■ Scraped caption text data:
------------------------------

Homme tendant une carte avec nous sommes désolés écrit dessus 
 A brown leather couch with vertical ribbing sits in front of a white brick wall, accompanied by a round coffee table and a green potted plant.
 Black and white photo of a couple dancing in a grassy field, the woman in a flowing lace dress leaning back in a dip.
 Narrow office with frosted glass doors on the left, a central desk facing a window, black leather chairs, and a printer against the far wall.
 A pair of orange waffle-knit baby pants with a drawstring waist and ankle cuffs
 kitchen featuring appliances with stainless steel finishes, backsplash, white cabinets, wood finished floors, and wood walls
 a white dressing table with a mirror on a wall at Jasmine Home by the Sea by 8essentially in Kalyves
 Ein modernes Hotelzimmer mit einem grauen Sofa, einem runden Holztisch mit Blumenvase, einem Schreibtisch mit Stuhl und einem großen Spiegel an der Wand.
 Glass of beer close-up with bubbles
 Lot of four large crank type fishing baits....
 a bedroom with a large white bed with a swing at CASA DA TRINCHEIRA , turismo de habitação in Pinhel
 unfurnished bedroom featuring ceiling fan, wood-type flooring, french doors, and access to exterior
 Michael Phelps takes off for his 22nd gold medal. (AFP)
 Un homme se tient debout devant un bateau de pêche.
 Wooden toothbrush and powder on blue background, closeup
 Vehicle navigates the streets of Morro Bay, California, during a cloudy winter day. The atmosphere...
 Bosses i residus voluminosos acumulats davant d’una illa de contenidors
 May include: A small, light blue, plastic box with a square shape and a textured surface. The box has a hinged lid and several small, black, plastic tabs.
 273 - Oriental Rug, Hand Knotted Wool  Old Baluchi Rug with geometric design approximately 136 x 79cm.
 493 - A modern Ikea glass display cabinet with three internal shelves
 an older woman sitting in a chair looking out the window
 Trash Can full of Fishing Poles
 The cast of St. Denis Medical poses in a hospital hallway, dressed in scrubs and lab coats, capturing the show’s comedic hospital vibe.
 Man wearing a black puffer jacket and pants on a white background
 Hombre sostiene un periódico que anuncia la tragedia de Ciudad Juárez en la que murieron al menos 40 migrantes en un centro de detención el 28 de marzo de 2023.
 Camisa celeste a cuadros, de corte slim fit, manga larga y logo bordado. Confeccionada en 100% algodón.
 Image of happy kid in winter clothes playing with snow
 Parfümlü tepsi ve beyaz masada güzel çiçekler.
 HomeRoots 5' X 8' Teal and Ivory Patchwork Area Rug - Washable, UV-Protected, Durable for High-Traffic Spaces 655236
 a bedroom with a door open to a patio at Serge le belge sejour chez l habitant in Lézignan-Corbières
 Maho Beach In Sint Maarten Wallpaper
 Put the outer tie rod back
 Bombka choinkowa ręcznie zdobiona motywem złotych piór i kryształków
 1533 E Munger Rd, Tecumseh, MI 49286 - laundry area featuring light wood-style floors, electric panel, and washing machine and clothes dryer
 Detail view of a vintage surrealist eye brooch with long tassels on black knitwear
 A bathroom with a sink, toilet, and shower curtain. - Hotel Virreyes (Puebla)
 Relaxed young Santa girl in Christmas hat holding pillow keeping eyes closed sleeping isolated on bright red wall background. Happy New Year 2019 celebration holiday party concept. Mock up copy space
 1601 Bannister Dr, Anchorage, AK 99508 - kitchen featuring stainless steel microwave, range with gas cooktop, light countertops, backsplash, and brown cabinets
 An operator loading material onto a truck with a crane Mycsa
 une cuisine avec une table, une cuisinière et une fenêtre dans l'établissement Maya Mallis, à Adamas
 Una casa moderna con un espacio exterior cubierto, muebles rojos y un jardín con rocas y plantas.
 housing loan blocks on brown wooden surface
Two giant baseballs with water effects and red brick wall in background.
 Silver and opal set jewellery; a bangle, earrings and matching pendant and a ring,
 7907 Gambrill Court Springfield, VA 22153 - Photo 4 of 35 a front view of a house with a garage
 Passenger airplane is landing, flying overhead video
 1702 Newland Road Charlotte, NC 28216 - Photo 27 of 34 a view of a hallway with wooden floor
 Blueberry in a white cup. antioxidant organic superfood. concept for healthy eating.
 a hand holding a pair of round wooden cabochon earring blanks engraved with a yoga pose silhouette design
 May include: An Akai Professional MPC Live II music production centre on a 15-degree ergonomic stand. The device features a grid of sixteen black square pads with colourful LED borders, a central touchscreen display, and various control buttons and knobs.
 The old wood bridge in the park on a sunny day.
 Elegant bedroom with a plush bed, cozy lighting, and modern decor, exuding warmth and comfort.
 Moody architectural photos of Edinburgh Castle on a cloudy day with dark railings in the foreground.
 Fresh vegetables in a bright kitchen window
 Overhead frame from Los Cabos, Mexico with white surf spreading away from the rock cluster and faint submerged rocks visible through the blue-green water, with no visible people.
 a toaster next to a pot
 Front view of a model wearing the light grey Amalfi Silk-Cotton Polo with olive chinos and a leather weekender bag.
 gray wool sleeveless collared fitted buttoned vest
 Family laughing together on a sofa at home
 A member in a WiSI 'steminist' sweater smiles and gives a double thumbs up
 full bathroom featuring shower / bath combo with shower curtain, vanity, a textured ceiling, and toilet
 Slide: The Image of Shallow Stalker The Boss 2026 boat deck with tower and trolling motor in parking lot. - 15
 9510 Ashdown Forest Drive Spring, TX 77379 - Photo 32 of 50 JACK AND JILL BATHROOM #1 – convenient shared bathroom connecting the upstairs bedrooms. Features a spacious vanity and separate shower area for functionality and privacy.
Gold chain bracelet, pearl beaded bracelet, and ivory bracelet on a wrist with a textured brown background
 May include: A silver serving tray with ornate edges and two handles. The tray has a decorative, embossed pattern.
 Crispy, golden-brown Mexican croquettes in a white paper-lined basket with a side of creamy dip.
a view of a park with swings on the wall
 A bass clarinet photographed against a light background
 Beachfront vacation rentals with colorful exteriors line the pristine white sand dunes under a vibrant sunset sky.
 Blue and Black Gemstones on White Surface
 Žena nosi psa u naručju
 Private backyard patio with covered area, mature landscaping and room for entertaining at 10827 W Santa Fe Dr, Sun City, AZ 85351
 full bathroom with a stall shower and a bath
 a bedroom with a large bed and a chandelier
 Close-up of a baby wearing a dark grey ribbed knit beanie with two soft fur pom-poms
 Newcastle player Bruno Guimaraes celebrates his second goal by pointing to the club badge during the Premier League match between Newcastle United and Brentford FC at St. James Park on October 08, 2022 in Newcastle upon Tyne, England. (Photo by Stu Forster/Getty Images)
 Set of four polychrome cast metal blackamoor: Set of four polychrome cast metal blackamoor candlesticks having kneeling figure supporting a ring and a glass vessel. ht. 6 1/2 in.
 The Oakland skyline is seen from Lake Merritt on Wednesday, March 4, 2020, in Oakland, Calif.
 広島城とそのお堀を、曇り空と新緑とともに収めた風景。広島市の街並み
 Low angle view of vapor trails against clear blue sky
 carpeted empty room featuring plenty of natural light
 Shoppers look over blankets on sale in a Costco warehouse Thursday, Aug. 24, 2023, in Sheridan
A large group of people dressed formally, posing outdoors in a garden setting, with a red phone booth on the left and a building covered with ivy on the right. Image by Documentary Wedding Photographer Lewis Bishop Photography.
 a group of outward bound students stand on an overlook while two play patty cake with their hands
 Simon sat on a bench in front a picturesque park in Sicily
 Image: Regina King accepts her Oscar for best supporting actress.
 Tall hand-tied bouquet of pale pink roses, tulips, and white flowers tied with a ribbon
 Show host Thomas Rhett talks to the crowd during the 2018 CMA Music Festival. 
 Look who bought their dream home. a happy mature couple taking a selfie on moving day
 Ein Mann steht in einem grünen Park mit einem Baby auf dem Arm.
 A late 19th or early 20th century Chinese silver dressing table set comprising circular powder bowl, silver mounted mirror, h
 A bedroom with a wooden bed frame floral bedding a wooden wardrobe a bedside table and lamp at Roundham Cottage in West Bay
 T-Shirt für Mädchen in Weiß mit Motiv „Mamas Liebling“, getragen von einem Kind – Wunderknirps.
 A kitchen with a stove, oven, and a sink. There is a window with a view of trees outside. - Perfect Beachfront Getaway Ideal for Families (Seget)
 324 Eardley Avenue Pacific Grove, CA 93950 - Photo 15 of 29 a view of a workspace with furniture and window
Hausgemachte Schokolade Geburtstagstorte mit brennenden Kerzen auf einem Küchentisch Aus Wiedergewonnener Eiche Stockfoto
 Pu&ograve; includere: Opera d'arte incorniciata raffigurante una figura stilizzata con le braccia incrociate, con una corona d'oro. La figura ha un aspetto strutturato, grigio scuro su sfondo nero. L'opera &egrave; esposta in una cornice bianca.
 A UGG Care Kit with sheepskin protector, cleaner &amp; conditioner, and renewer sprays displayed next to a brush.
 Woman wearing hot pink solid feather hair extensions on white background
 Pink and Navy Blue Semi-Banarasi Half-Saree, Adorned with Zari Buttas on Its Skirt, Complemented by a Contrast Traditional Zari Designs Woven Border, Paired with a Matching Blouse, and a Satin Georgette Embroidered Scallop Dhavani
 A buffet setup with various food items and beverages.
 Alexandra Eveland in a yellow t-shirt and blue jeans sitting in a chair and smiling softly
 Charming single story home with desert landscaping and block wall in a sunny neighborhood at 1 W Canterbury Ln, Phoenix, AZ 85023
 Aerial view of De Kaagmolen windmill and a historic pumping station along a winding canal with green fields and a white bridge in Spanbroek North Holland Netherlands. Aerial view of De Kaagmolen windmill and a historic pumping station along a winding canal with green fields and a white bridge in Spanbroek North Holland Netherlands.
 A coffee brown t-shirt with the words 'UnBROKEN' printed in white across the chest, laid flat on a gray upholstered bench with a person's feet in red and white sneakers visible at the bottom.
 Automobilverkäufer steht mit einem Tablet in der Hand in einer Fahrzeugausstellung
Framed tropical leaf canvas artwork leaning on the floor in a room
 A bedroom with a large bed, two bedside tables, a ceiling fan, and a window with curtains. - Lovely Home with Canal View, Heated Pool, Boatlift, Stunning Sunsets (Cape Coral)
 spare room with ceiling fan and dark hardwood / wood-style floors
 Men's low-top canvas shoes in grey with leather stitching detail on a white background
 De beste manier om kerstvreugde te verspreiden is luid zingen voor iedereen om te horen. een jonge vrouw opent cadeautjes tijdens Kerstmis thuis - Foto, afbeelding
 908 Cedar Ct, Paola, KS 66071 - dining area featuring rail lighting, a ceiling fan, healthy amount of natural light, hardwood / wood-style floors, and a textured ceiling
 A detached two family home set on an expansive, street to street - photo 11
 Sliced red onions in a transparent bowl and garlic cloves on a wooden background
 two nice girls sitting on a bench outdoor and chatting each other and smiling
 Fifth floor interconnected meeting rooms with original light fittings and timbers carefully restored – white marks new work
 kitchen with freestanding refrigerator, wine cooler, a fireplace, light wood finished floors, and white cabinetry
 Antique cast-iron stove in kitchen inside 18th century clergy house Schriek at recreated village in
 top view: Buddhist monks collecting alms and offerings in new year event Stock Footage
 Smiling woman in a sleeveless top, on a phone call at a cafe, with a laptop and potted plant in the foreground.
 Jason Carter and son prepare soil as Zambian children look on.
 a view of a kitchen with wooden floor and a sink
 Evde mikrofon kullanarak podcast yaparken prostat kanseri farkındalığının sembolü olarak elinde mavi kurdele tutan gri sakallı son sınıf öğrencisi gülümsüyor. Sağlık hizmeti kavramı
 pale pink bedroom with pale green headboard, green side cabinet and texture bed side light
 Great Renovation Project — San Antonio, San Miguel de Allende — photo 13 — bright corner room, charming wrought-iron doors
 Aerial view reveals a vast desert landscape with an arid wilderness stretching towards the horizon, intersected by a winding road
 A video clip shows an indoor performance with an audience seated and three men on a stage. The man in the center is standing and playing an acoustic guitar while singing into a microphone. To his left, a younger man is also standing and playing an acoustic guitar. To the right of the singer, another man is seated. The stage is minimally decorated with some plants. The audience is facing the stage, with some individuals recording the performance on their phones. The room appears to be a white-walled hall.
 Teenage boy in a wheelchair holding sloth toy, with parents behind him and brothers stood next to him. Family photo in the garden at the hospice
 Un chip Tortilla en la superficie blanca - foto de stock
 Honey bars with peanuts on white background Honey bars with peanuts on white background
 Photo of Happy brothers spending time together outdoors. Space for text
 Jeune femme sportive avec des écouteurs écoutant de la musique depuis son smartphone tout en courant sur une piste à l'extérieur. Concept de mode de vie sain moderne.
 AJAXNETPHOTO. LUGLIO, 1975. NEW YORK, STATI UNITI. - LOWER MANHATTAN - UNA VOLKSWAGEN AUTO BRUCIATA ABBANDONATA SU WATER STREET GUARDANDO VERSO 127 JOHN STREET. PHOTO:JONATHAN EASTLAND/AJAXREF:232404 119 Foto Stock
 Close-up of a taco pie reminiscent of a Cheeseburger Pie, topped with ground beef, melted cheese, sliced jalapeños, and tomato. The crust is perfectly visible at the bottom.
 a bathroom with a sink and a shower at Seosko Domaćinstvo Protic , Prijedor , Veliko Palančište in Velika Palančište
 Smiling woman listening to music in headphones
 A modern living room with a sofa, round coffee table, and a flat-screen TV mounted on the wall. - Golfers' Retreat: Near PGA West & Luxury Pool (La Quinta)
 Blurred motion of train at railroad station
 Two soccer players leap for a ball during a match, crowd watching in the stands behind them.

------------------------------

■ Required action: Give back the records above exactly, limited to the lines between the one holding "Two giant baseballs" and the one holding "7907 Gambrill Court", inclusive.

■ Problem solution:
Two giant baseballs with water effects and red brick wall in background.
 Silver and opal set jewellery; a bangle, earrings and matching pendant and a ring,
 7907 Gambrill Court Springfield, VA 22153 - Photo 4 of 35 a front view of a house with a garage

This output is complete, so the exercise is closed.